Stinchcombe Hill Golf Club was inaugurated in 1889, the same year that the Old course at Minchinhampton came into being. The first Captain of the emerging club, Arthur Hoare, laid out nine holes for Stinchcombe Hill’s founding members high on the hill, from where there are panoramic views of the River Severn, the Welsh hills and the surrounding Cotswolds.
The course was extended to 18 holes in 1906 and was almost completely lost due to the Great War. In 1922, F.G. Hawtree and J.H. Taylor were drafted in to ring the changes and began the construction of eight bunkers. Seven years later, James Braid made further alterations which completed in 1936.
Downland in character with good turf, Stinchcombe Hill has an interesting variety of green complexes and the course busts into life at the par four 5th with its greensite benched into the hillside behind a gaping chasm.
Stinchcombe Hill is perched on the edge of an escarpment and as a result has good views down to the south and across to the River Servern to the west.

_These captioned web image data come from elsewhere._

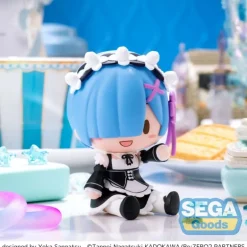 Figura Fuwa Petit Chibi PVC Rem 8 cm de Re:Zero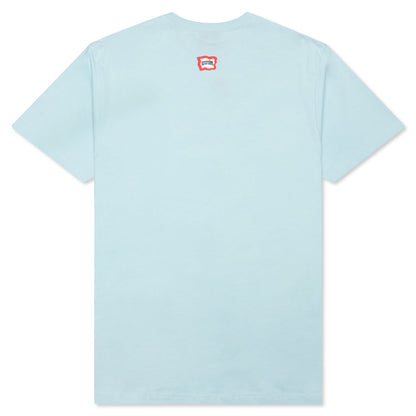 Implode S/S Tee - Cool Blue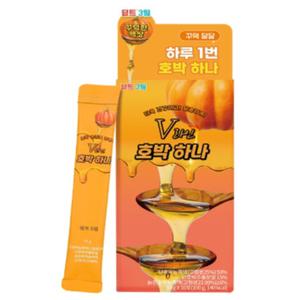 딥트 호박하나 V라인 관리 호박즙 식이섬유 추천 10포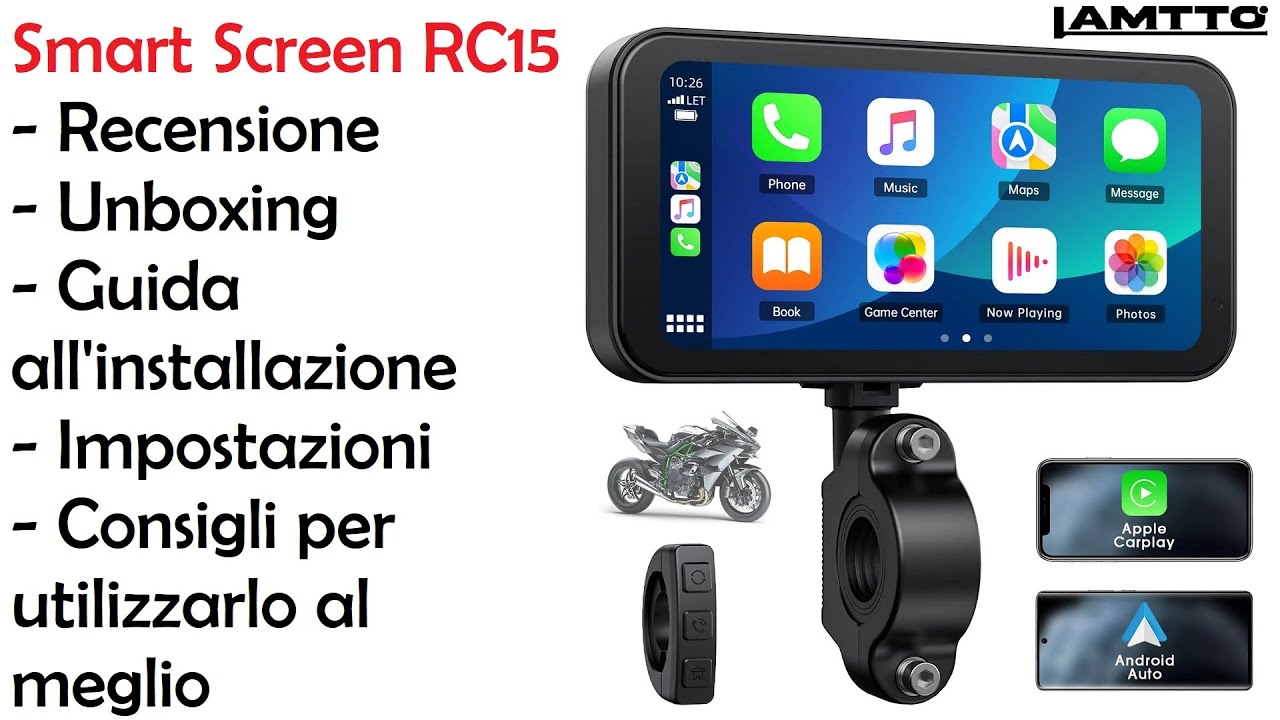 😍 Smart Screen RC15 😍 Tutto quello che c'&egrave; da sapere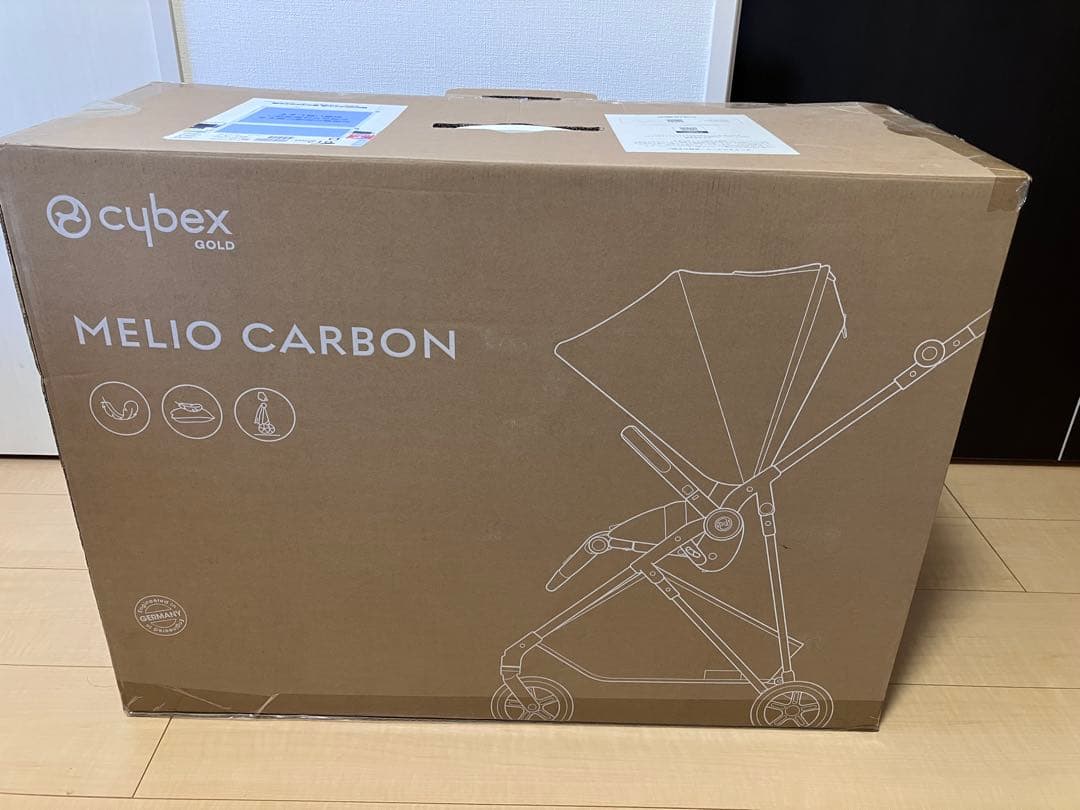 【2021年購入】サイベックスメリオカーボン　ブラック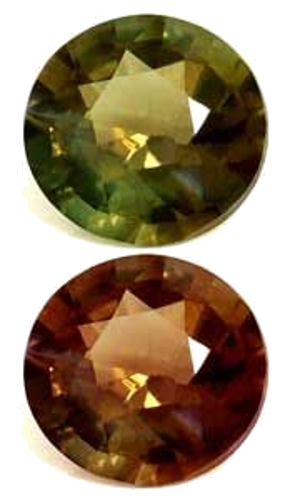 0.36 carat GREEN Round Alexandrite (1)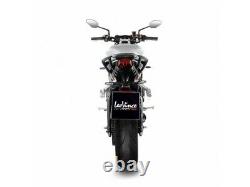 14288e Silent Escaper Leovince LV One Evo Triumph Street Triple 765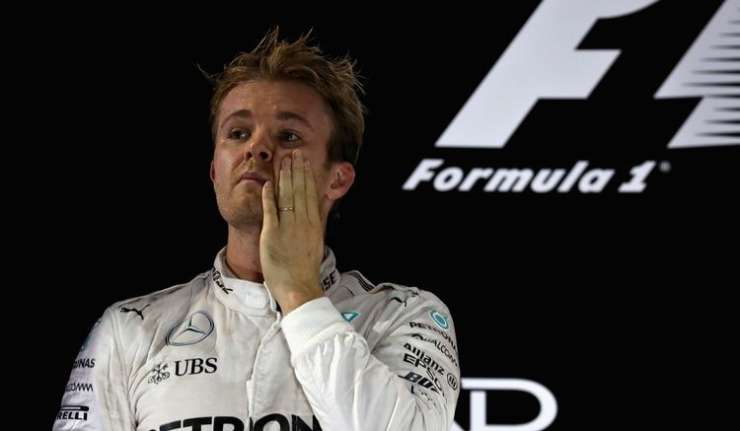 Nico Rosberg: Življenje niso samo krogi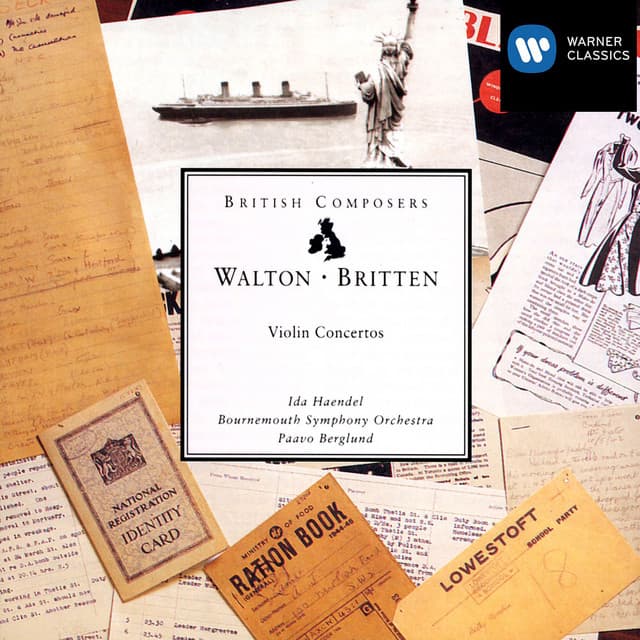 Britten/Walton - Violin Concertos - Ida Haendel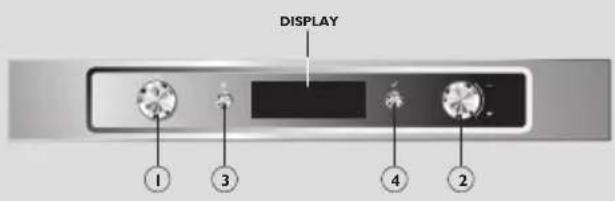 KITCHENAID KOHSPB 60603 - Панель керування - 1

Although it plays like parkland there are not that many trees and has a fairly open feel a bit like Minchinhampton Old Course, and although it is not commonland it also has the issue of walkers and dogs along numerous paths around and across the course. Condition is generally ok although you would never say greens are perfect or quick but are generally acceptable.
After an innocuos short par 4 to start the round the crux of making a score is to play holes 2 to 5 well; generally all into the prevailing wind three longish par 4's and a long par 3 at the 4th make it quite a tough start. After that the course is scoreable and it has plenty of variety, never hilly but making use of any slight inclines, with a few nice dog-legs and good par 3's. Only one par 5 and oddly this is on the last hole. I only live 20 minutes away and find it an enjoyable course to play on an occasional basis.